Las aventuras de Huckleberry Finn
Las aventuras de Huckleberry Finn Vi a la luna abandonar su guardia y a la oscuridad empezar a cubrir el río. Pero, al poco rato, noté una franja pálida por encima de los árboles y comprendí que se acercaba el día. De modo que cogí la escopeta y me deslicé hacia el sitio en que había descubierto el fuego, parándome cada dos o tres minutos a escuchar. Pero no tuve suerte, no conseguía dar con el sitio.
Al cabo de un rato, sin embargo, divisé un fuego por entre los árboles. Me acerqué a él, despacio y con cautela. No tardé en encontrarme lo bastante cerca para echar una mirada y vi a un hombre tendido en el suelo. Por poco me quedo en el sitio.

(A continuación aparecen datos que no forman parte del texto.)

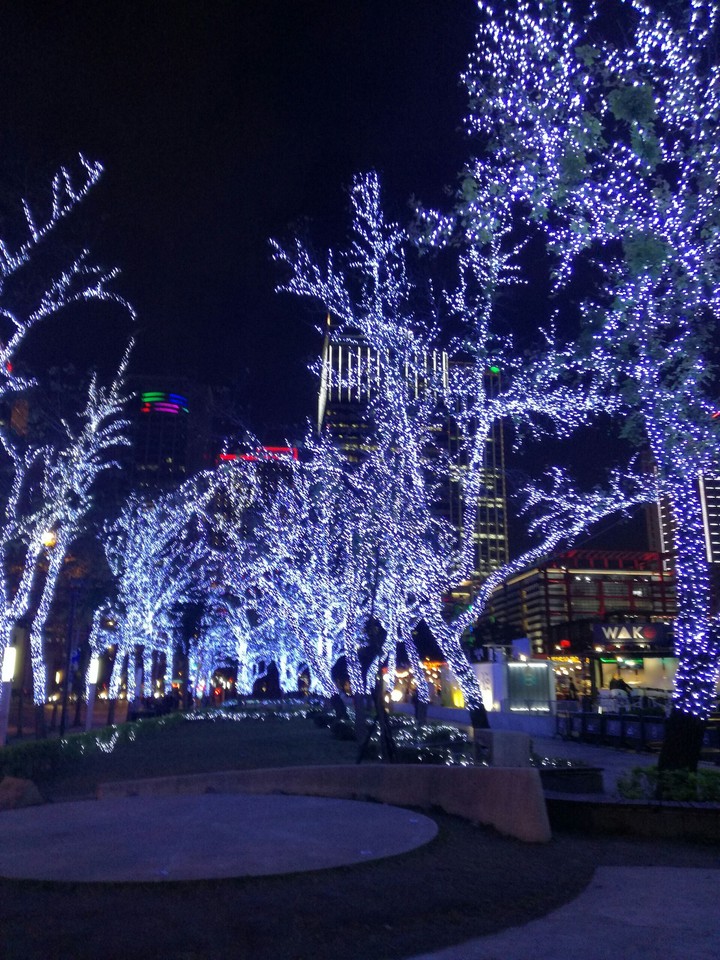 Fairy lights and trees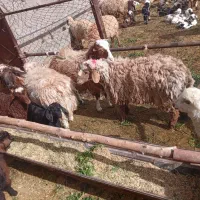 بره نر|حیوانات مزرعه|مود, |دیوار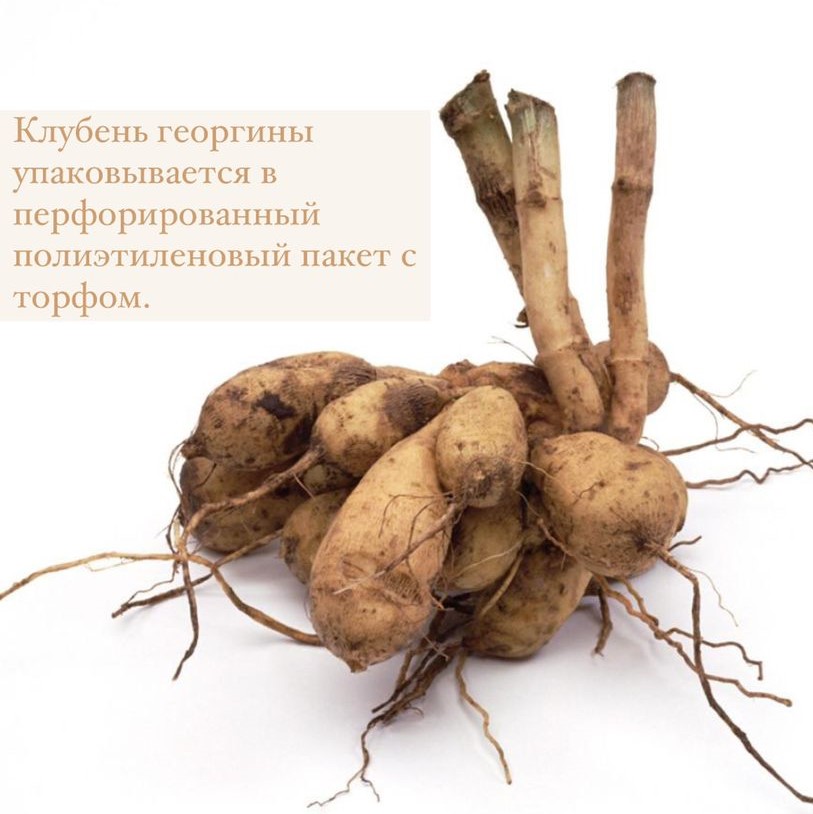 Георгина МИНГУС АЛЕКС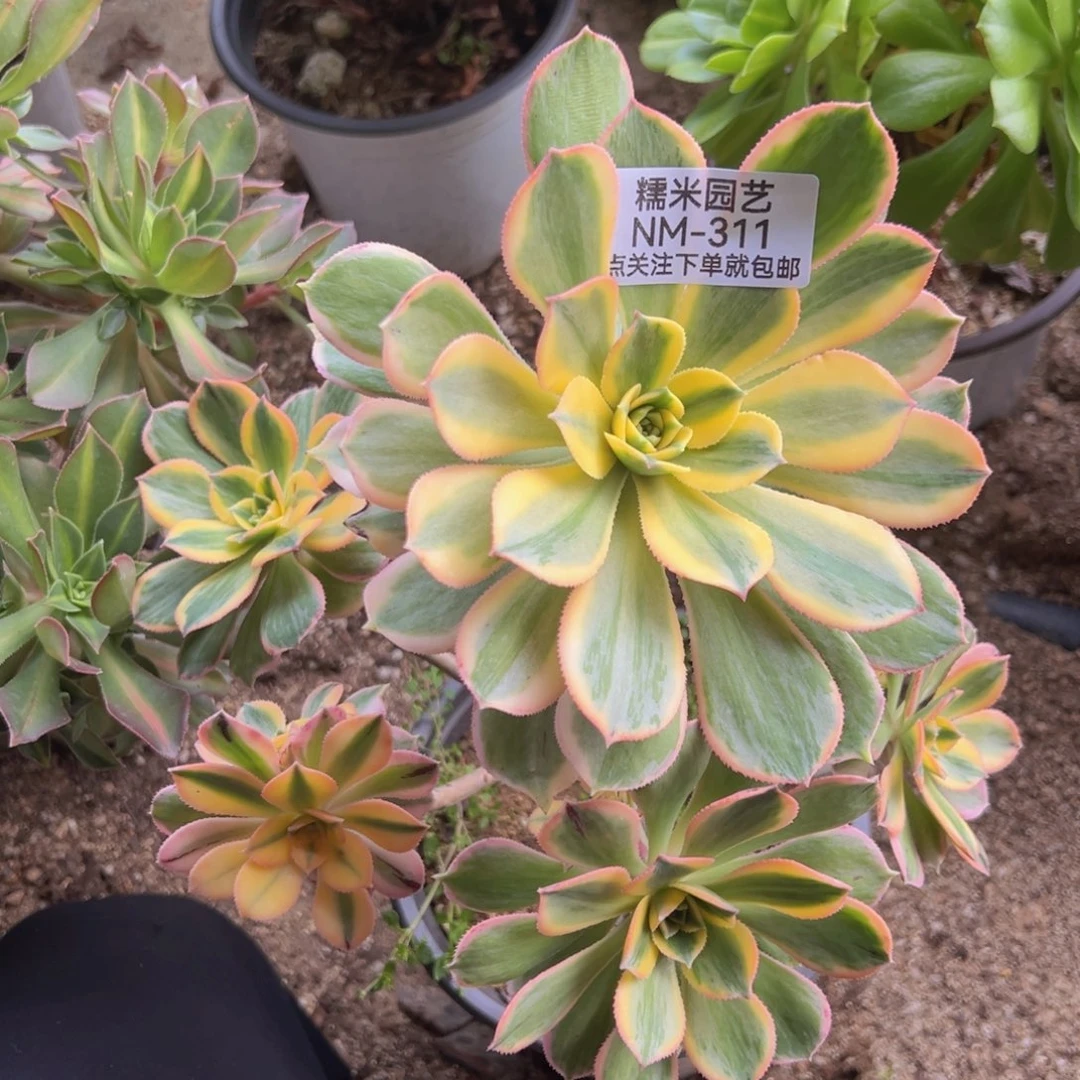 灿烂多肉植物311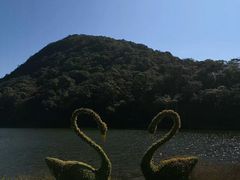 -广州市石门国家森林公园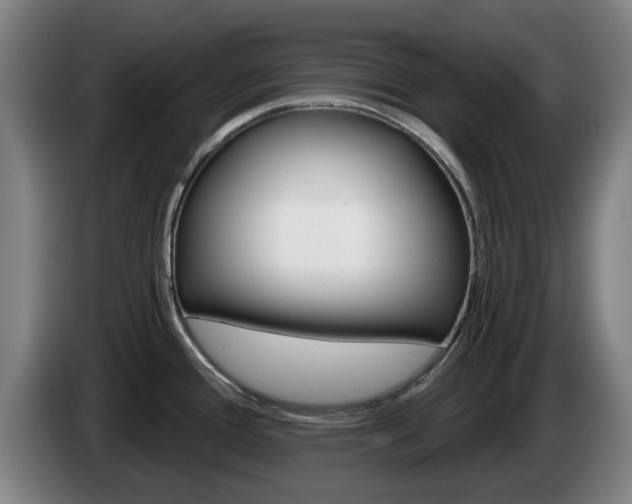 X0000085261388200703090845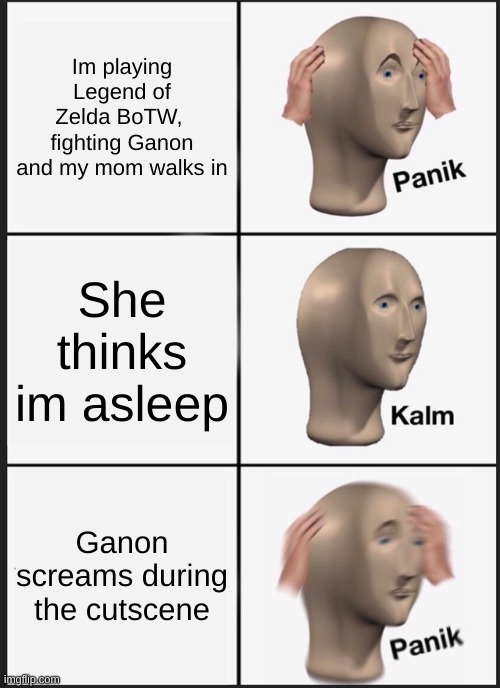 Rip Link | Im playing Legend of Zelda BoTW,  fighting Ganon and my mom walks in; She thinks im asleep; Ganon screams during the cutscene | image tagged in memes,panik kalm panik | made w/ Imgflip meme maker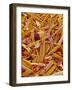 Metal Shavings-Micro Discovery-Framed Photographic Print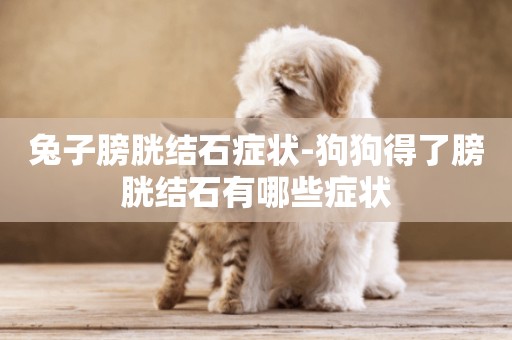 兔子膀胱結石癥狀-狗狗得了膀胱結石有哪些癥狀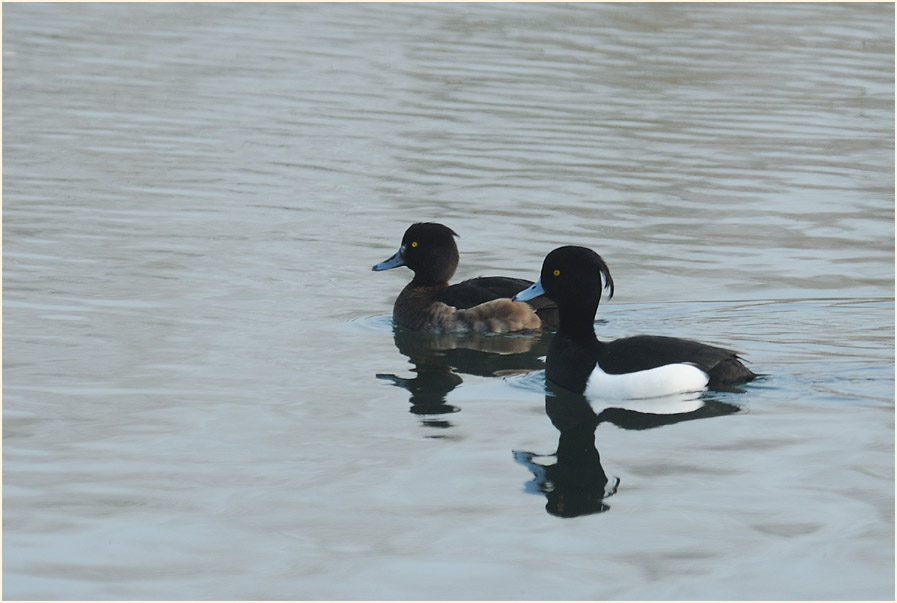 Reiherente (Aythya fuligula)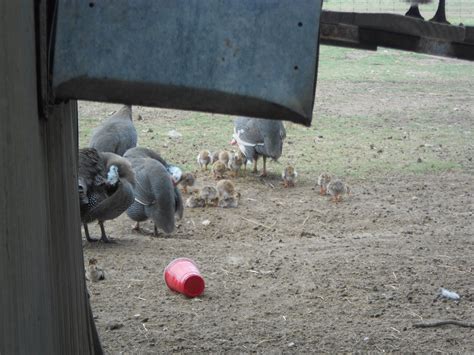 Helmeted guineafowl and chicks - ZooChat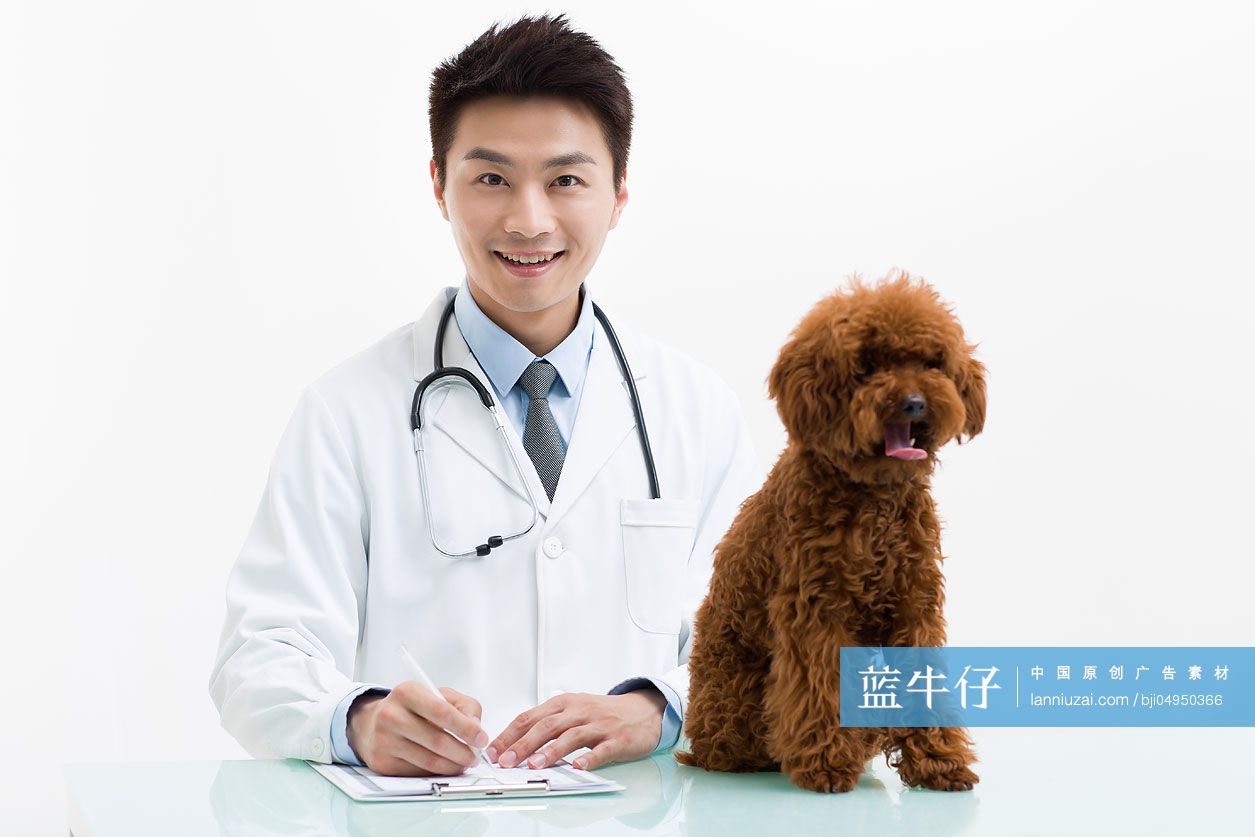 宠物医生给泰迪狗做检查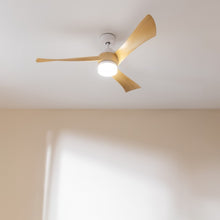 Carica l&#39;immagine nel visualizzatore di Gallery, Energysilence Aero 5280 Lightwood-05
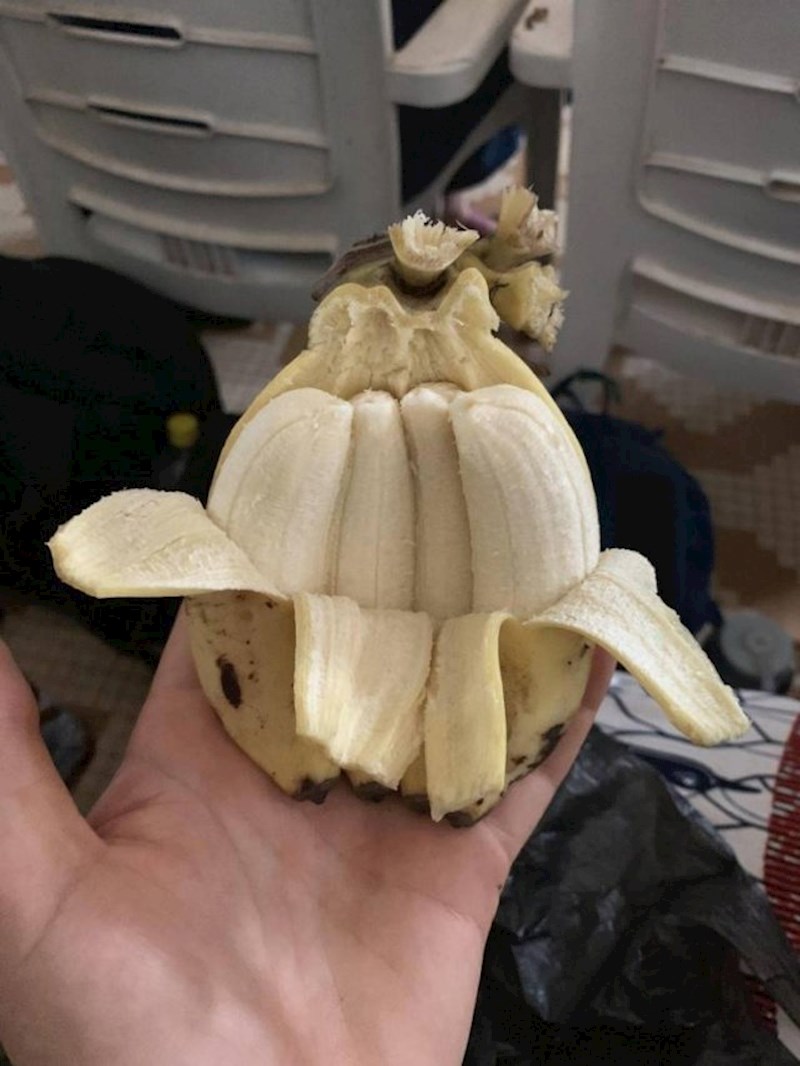 Spojene banane?!
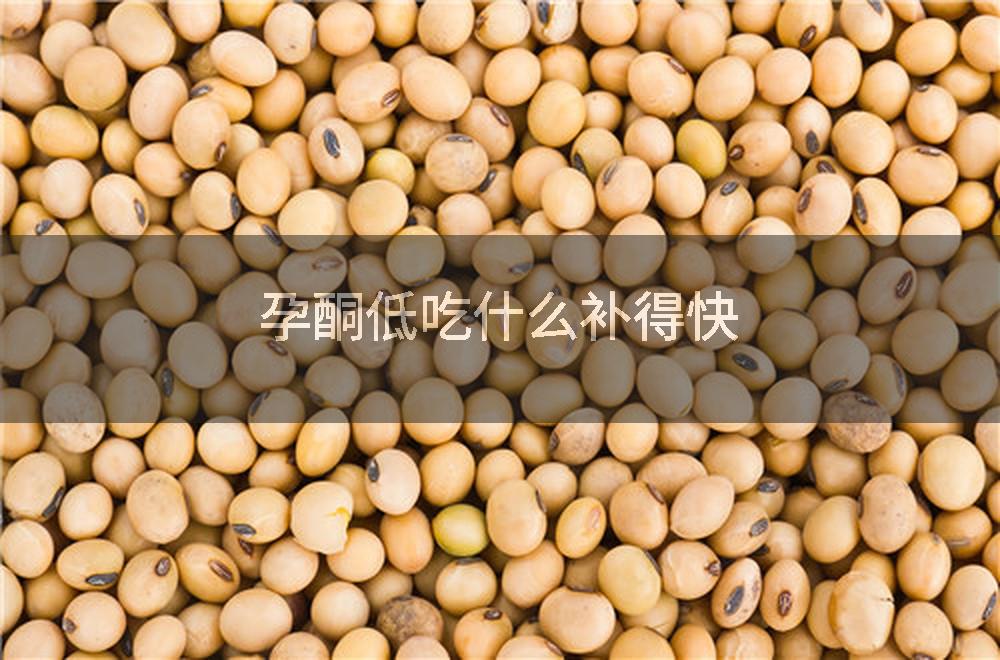 孕酮低吃什么补得快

Tenía una manta liada a la cabeza, que estaba casi metida en el fuego. Me senté allí, detrás de un zarzal, a poca distancia de él, y no le quité la vista de encima. Una luz gris lo alumbraba todo ya. Al poco rato el hombre bostezó, se despertó, y se quitó la manta de encima. ¡Era el Jim de la señorita Watson! ¡Qué contento estuve de verle! Dije:
—¡Hola, Jim!
Y salí de entre los árboles.
Él se puso en pie de un brinco y me miró, alocado. Después cayó de rodillas y juntó las manos.